[comp.unix.ultrix] cc, ld, ar over NFS

stern@polygen.UUCP (Hal Stern) (10/09/87)

we have a heterogeneous network of Suns and VaxStations, all with
NFS.  the interesting part of our network is:
	machine polygen, Sun 3/160, two eagles running Sun 3.2
	machine figeac, Vaxstation II GPX, running Ultrix 2.0-1

polygen exports /usr/polygen, figeac exports /usr/figeac.  both
mount the other's disks.  figeac's /etc/fstab entry for polygen's
disk looks like:
	/usr/polygen@polygen:/usr/polygen:rw:0:0:nfs:bg,soft:
/usr/polygen is the "g" partition of a fujitsu eagle.  figeac has 
three RD-53s.

our local source code control system keeps all sources for a product
in a single directory tree, using subdirectories for each specific
machine on which it gets compiled.  in the case of product XX, the
source code lives on the Sun disk, in /usr/polygen/XX.  

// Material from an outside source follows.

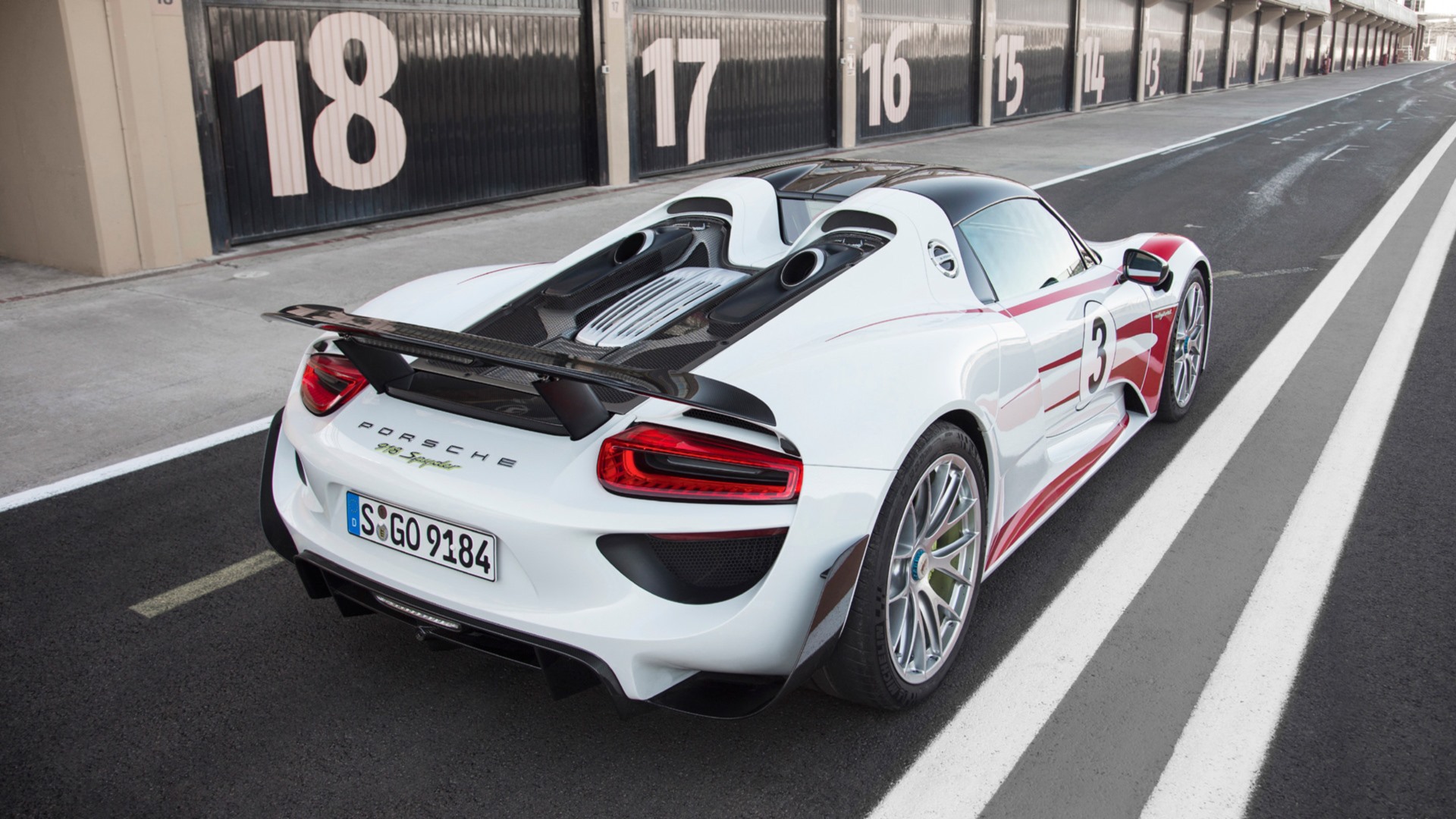 Porsche 918 Spyder - HD Wallpaper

here's the problem: when the Vaxstation figeac begins to compile
the source for XX, using the files mounted via NFS, various object
files get mangled.  the errors we usually see are from ar:
	"mangled string table"
	"foo.o: bad format"

i have run nm on the corrupted object files, and have found that
many of them have text and bss points with no names.  it is
very hard to reproduce this problem, although it appears to happen
when we combine many large .o files into a single .a archive.
the individual objects appear to compile OK, but when the archiver
runs it complains of corrupted files.  it appears that both cc and
ar are at fault; i have stopped the compilation and inspected .o 
files to find that they have been corrupted.

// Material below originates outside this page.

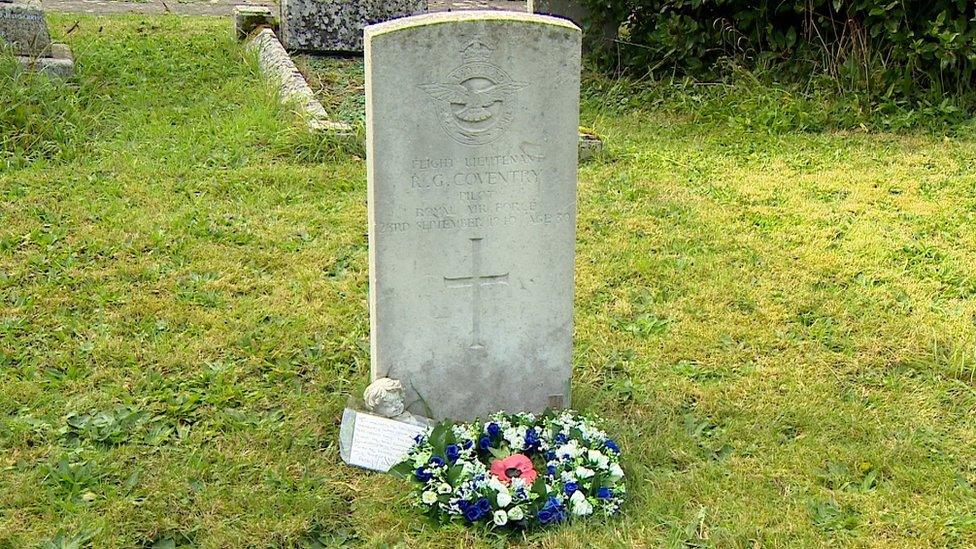 Grave of airman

we have temporarily solved the problem by separating the source trees
and running the compile locally (and it completes without problem).  

does anyone else have this problem?  could this be related to an NFS 
timeout problem?  the compile completes OK on local disks but fails 
on NFS-mounted disks, which would lead me think it is NFS-related.

replies by e-mail will be summarized, with results.  thanks.

--hal stern
  polygen corporation
  200 fifth avenue
  waltham, ma  02254
  (617) 890-2888

  {bu-cs, princeton}!polygen!stern

hedrick@topaz.rutgers.edu (Charles Hedrick) (10/14/87)

Reply-Path:



> does anyone else have this problem?  could this be related to an NFS 
> timeout problem?  the compile completes OK on local disks but fails 
> on NFS-mounted disks, which would lead me think it is NFS-related.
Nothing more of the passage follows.